In calculating the similarity measure $BC$ , we subtract the Bray-Curtis distance from the value 1:

$\begin{equation} BC=1-d(x_1,x_2) \end{equation}$

Jaccard

Jaccard's distance (measure of dissimilarity) is calculated for binary variables (Jaccard, 1901), where 1 indicates the presence of a feature 0- its absence.

$\begin{tabular}{|c|c||c|c|} \hline \multicolumn{2}{|c||}{ }& \multicolumn{2}{|c|}{object 1}\\\cline{3-4} \multicolumn{2}{|c||}{ }& 1 & 0 \\\hline \hline \multirow{2}{*}{object 2}& 1 & a & b \\\cline{2-4} & 0 & c & d\\\hline \end{tabular}$

The Jacckard distance is expressed by the formula:

$\begin{equation} d(x_1,x_2)=1-J. \end{equation}$

where:

$J=\frac{a}{a+b+c}$ - Jaccard similarity coefficient.

Jaccard similarity coefficient is in the range [0,1], where 1 means the highest similarity, 0 - the lowest. Distance (dissimilarity) is interpreted in the opposite way: 1 - means that the compared objects are dissimilar, 0 - that they are very similar. The meaning of Jaccard's similarity coefficient is well described by the situation involving the choice of goods by customers. By 1 we denote the fact that the customer bought the given product, 0 - the customer did not buy this product. Calculating the Jaccard coefficient you compare 2 products to find out what part of the customers buy them in together. Of course we are not interested in information about customers who did not buy either of the compared items. Instead, we are interested in how many people who choose one of the compared products choose the other one at the same time. The sum $a+b+c$ - is the number of customers who chose either of the compared items, $a$ - is the number of customers choosing both items at the same time. The higher Jaccard's similarity coefficient, the more inseparable the products are (the purchase of one is accompanied by the purchase of the other). The opposite will happen when we get a high Jaccard dissimilarity coefficient. It will indicate that the products are highly competitive, i.e. the purchase of one will result in the lack of purchase of the other.

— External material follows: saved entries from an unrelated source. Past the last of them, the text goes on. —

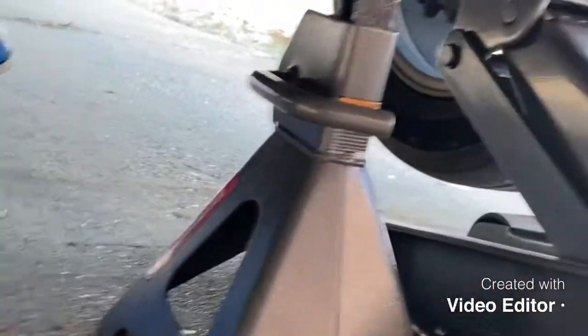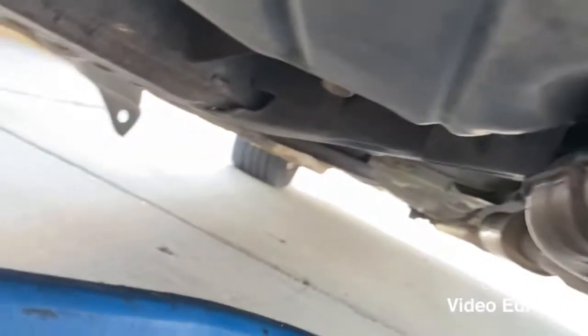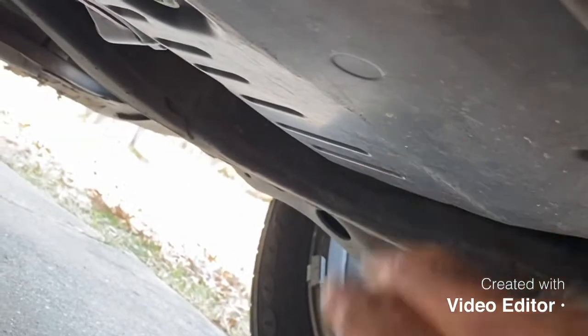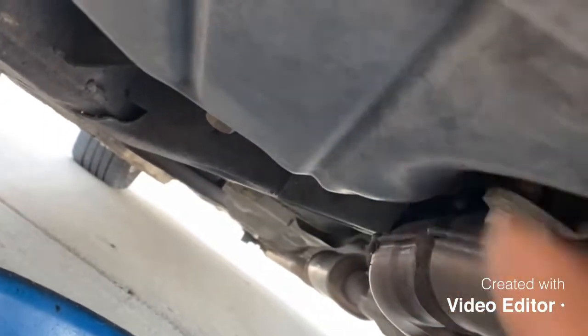I have the jack stand to support this — it's double safety. Now we're going to go ahead and open the drain plug for the oil. The drain plug is right there. This one right here is the transmission plug — don't open that one up. When you're looking at the car from the front, it's going to be on the left side. This is the oil pan right here; we're going to open up the oil drain.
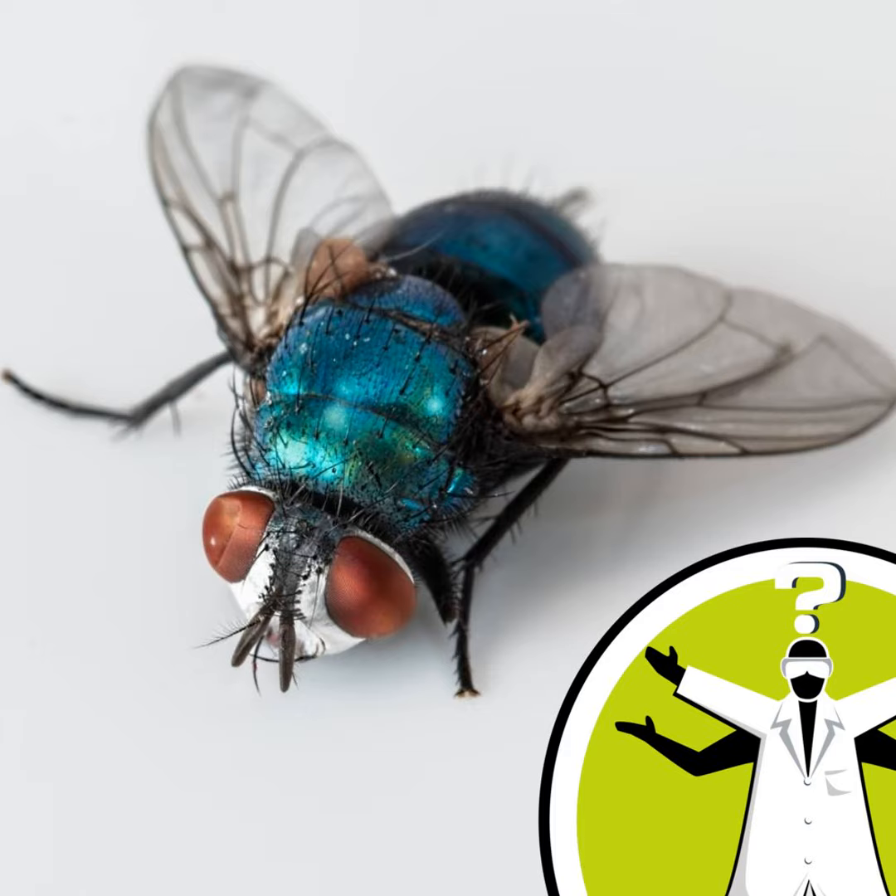Here is animal vision specialist Kate Feller from the University of Cambridge. After discussing this question with several researchers at an animal vision conference in Finland — literally as naked scientists in the sauna — we all agree: yes, this is possible. Because fly motion vision is processed very fast, you can theoretically trick the fly by just moving very slowly.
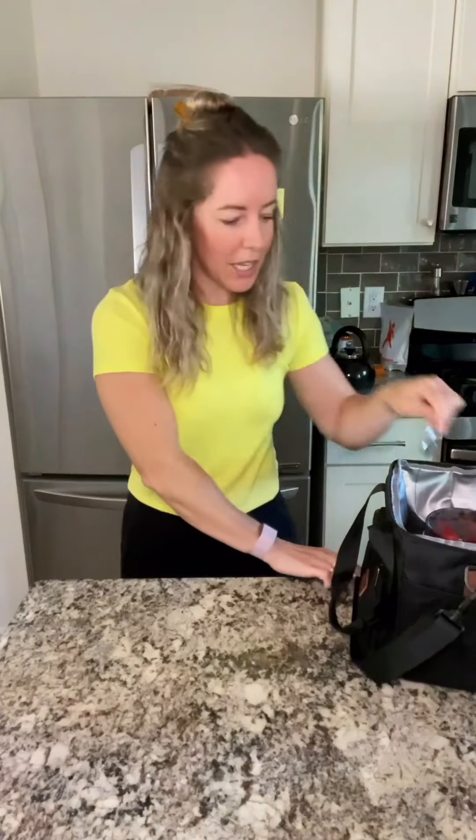Take a spoon. I have some cut up bell peppers, carrots, and hummus. I'm not usually a hummus and veggies girl, but when I pack this I actually really enjoy it.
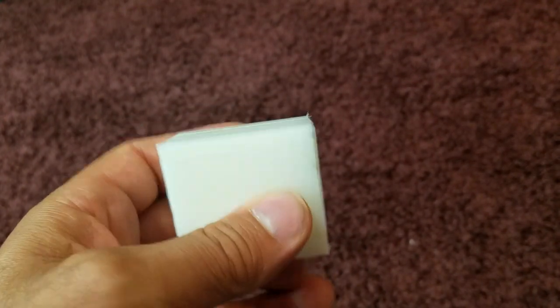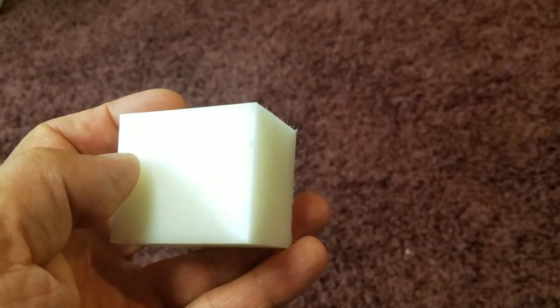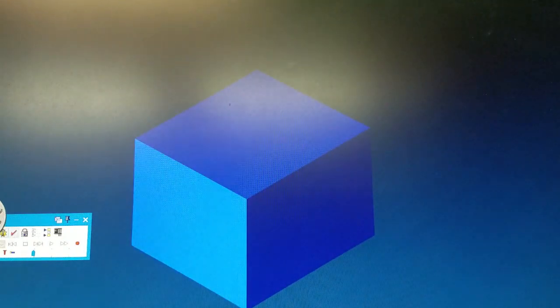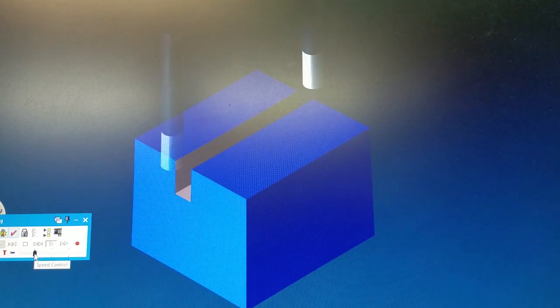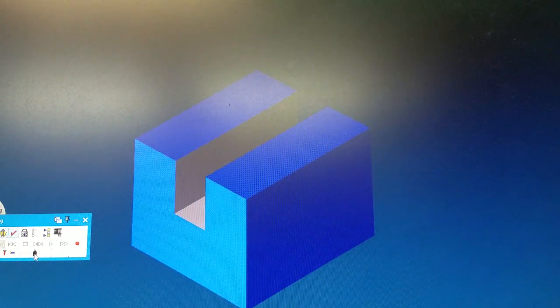I have a little project I'm working on. It's a slotting operation. I have to slot right through the center of this piece of plastic. I drew up the square and it's my slot. I'm going to send it over to the mill and let's cut some chips.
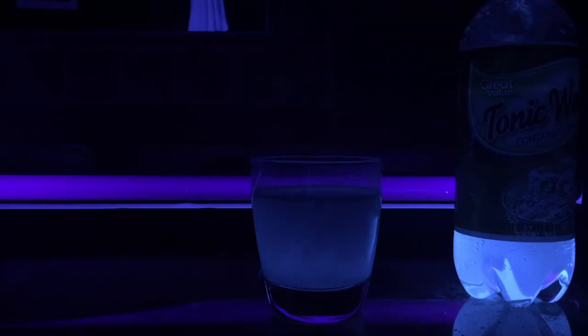You will notice that the fluorescence of the tonic water is going away in the cup. As you keep putting more salt in, it will fizz too. You can see a little bit of a fizz — keep adding it in there, and eventually it will not be fluorescent anymore.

The formula for Jaccard's similarity coefficient can also be written in general form:

$J=\frac{\sum_{k=1}^nx_{1k}x_{2k}}{\sum_{k=1}^nx_{1k}^2\sum_{k=1}^nx_{2k}^2-\sum_{k=1}^nx_{1k}x_{2k}}$

proposed by Tanimoto (1957). An important feature of Tanimoto's formula is that it can also be computed for continuous features.

For binary data, Jaccard's and Tanimoto's dissimilarity/similarity formulas are the same and meet the conditions of the metric. However, for continuous variables, Tanimoto's formula is not a metric (does not meet the triangle condition).

Example - comparison of species

We study the genetic similarity of members of three different species - in terms of the number of genes they share. If a gene is present in an organism, we give it the value 1, 0 - in the opposite case. For the sake of simplicity only 10 genes are analysed.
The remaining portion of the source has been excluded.